Here’s A Shot From Farther Away Showing Chassis And Drivetrain – Just Waiting For The Famous Glasspar G2 Body To Be Installed (From Collection of Bill Tritt)

What Tritt was doing at Glasspar in Costa Mesa / Santa Ana was big news, and throughout 1952, magazines covered what was happening there at every step – both automotive and boating.  So it shouldn’t surprise anyone that famed automotive writer (and editor of Car Craft Magazine at the time) John Christy, wrote about the adventures of the Glasspar Mameco-Ardun racecar in his “Wheelspin” newspaper column at the Los Angeles Examiner at least two times.  We covered one of his articles about this car in a previous story, so be sure to check it out for additional detail.

Bill Tritt’s race car was big news, and it debuted on the weekend of April 18th-19th, at the Pebble Beach Raceway with Warren Gerdes at the helm.  Today’s story is on John Cristy’s article concerning this racecar, and its focus is on the building and development of the famed Ardun-Mercury Ford Flathead engine.

So of course here at Forgotten Fiberglass….we’ll share each and every word written back then with you.  The exact date of the article isn’t known (the date was cut off of the newspaper article – darn!), but it would have most likely appeared in the Spring of 1953.

Here it is gang….have at it and enjoy!

Wheelspin: Los Angeles Examiner, 1953 (unknown date)
By John Christy

This may not amaze some of the folks who have an exaggerated opinion of the horsepower developed by various and sundry competition engines, but those who know just what these engines do develop will or should be impressed.
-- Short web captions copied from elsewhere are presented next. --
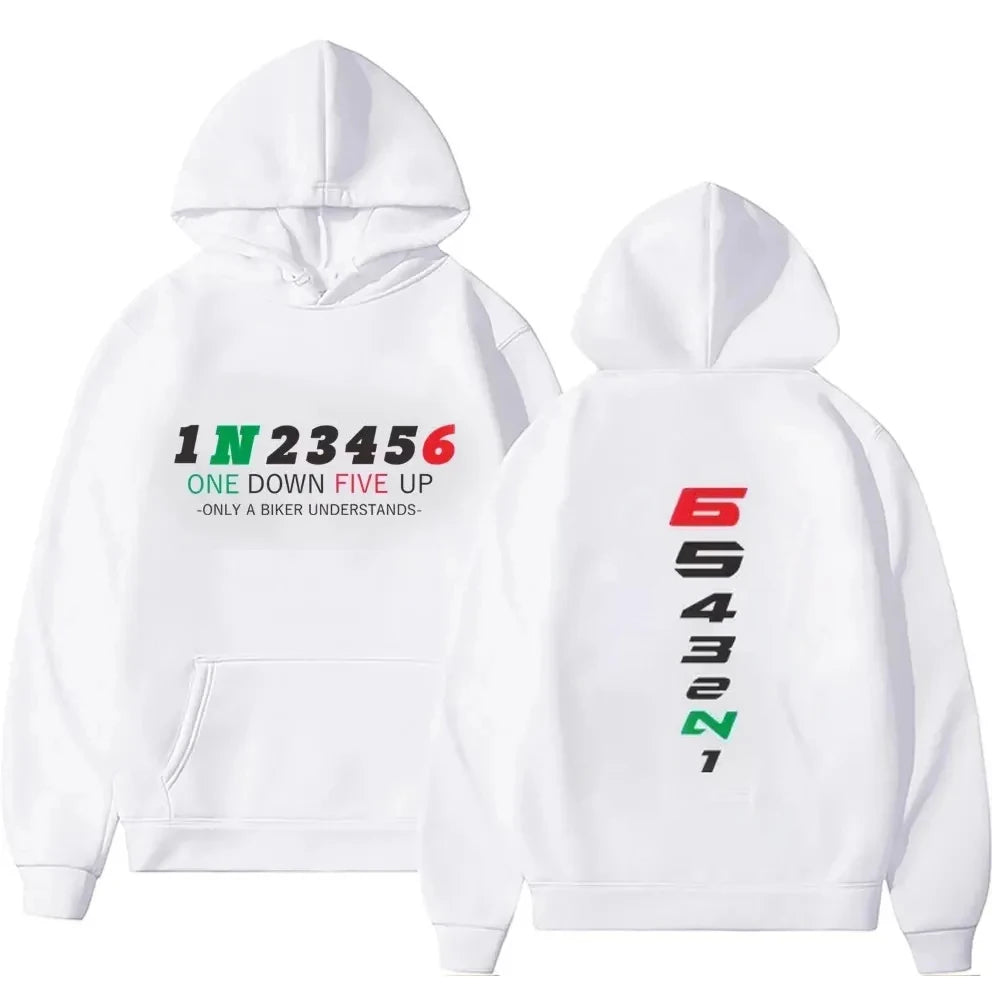 1N23456 Motorcycle Gear Biker Heartbeat Print Men's Hoodies male Pullover Clothing Oversized Sweatshirts Graphic Women Tracksuit Zen fit plus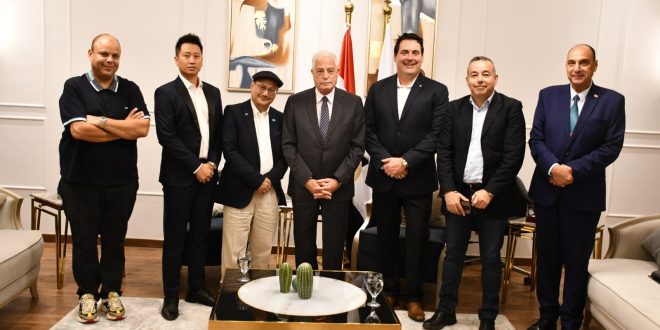 خالد فوده يستقبل وفداً من ممثلي شركة كندية للإعداد لمهرجان غنائي عالمي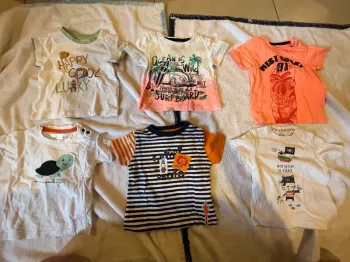 Lot de 6 t-shirt manches courtes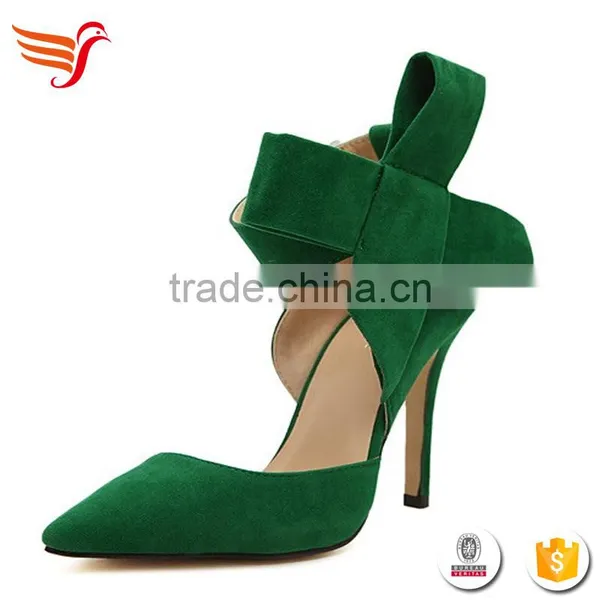 HFRTA234 Genuine Leather Fashion Flower Crystal High Heel Wedding Shoes Bridal photo-2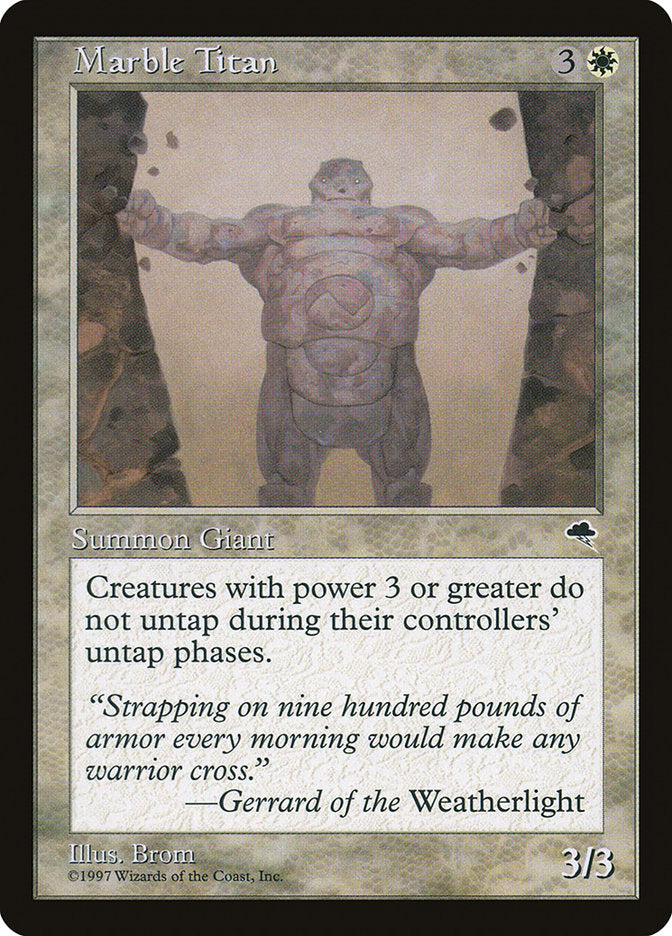 Marble Titan [Tempest] | Good Games Adelaide SA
We have mentioned Ed Martindale and Ted Mangels before in connection with the Mameco-Glasspar road racing machine.  What we haven’t mentioned is just why this car goes like it does.  The secret of success in this case is an Ardun Mercury engine that seems to have taken one of those mail order muscles courses somewhere along the line.

Caption: “TEST – Ted Mangels (Left) And Ed Martindale (Center) Run A Test Of Their Ardun Overhead Mercury Engine On Harmon-Collins Dynamometer. Test Showed Nearly 230 Horsepower.

This piece of equipment follows the pattern of the CT Automotive Mercury, but it is a little bigger inside, totalling about 284 cubic inches.  A 184 inch Mercury, well souped, and running on hot fuel should kick up about 200 to 215 horses.

The Mameco engine, in tests on the Harman-Collins dynamometer, has turned up a shade under 230 horsepower running on good old common-garden 91 octane gasoline!  These are honest to goodness figures, too.  Not something dreamed up by putting together a bunch of mathematical symbols and projected through a lot of optimistic wordage.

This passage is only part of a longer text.